He moved left. The shot – not a gun, something quieter, a compressed air delivery system, the kind that the shadow circuits had been using for fifteen years – passed through the space where his head had been and embedded itself in the warehouse wall.
Red Widow was already moving in the opposite direction.
She went up the fire escape on the warehouse’s south face with the speed of someone for whom vertical surfaces were familiar terrain, and the brief sounds that followed – two impacts, one heavier than the other, and then nothing – confirmed her arrival at the roofline.

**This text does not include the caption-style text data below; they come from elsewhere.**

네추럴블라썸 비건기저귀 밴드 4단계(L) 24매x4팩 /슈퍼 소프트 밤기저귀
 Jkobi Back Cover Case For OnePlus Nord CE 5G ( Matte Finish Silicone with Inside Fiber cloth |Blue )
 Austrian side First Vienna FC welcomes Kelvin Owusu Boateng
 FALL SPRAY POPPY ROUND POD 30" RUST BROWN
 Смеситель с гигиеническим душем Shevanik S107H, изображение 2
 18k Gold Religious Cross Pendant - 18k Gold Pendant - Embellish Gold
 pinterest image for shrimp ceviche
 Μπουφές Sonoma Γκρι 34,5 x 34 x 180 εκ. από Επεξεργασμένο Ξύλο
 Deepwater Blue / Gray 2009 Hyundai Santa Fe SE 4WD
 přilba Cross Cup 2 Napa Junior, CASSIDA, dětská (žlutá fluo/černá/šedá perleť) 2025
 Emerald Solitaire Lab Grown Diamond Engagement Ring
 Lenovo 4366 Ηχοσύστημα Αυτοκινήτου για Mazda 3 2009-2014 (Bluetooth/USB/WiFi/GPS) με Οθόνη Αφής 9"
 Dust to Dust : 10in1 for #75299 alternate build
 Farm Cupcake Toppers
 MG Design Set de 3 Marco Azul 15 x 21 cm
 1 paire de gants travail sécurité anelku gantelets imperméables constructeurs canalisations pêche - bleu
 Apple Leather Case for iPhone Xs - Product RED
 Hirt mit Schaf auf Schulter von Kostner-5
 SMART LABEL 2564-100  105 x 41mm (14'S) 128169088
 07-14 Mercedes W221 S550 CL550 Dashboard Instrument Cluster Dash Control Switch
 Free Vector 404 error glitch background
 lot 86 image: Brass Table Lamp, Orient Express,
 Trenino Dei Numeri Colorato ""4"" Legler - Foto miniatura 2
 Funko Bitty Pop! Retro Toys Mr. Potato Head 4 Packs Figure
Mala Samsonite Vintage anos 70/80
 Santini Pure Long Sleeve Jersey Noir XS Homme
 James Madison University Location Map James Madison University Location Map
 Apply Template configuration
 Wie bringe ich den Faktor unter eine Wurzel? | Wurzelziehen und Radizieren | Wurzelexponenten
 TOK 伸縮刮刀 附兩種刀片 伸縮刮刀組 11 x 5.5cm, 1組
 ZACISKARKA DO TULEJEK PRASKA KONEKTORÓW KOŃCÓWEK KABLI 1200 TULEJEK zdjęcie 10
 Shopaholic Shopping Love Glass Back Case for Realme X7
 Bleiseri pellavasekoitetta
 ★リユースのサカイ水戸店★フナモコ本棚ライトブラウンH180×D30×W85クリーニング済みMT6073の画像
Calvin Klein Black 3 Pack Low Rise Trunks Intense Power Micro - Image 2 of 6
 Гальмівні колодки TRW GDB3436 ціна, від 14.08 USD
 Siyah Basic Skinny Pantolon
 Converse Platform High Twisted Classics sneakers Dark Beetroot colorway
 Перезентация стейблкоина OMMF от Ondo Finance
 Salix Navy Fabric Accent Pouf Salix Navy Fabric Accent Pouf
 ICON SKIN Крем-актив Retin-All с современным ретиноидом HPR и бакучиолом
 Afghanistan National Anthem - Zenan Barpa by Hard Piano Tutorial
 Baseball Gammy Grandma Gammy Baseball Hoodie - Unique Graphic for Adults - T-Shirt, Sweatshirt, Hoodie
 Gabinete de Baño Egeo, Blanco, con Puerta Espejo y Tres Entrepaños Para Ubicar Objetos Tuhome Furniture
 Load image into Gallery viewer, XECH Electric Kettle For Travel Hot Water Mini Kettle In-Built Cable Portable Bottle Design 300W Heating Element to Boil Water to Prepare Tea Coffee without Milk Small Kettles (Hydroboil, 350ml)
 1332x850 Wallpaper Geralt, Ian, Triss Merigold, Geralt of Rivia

Marcus dealt with the one behind them.
The attacker came out of the doorway alcove with a blade and the specific confidence of someone who had been told the target was a soft civilian, and Marcus’s forearm redirected the knife arm in the same motion as turning around, and the dragon-enhanced response that followed deposited the attacker against the warehouse door with the specific stillness of someone who had been efficiently removed from the conversation.
He was breathing.
Red Widow dropped from the fire escape. She was holding the collar of the second rooftop attacker – the first was still up there- and she brought him to the ground in front of Marcus with the matter-of-fact efficiency of someone delivering a package.
“Tell me the full roster,” she said to him. “Teams, positions, backup signal.”
The man told her. People told Red Widow things when she asked in that particular register. It took four minutes.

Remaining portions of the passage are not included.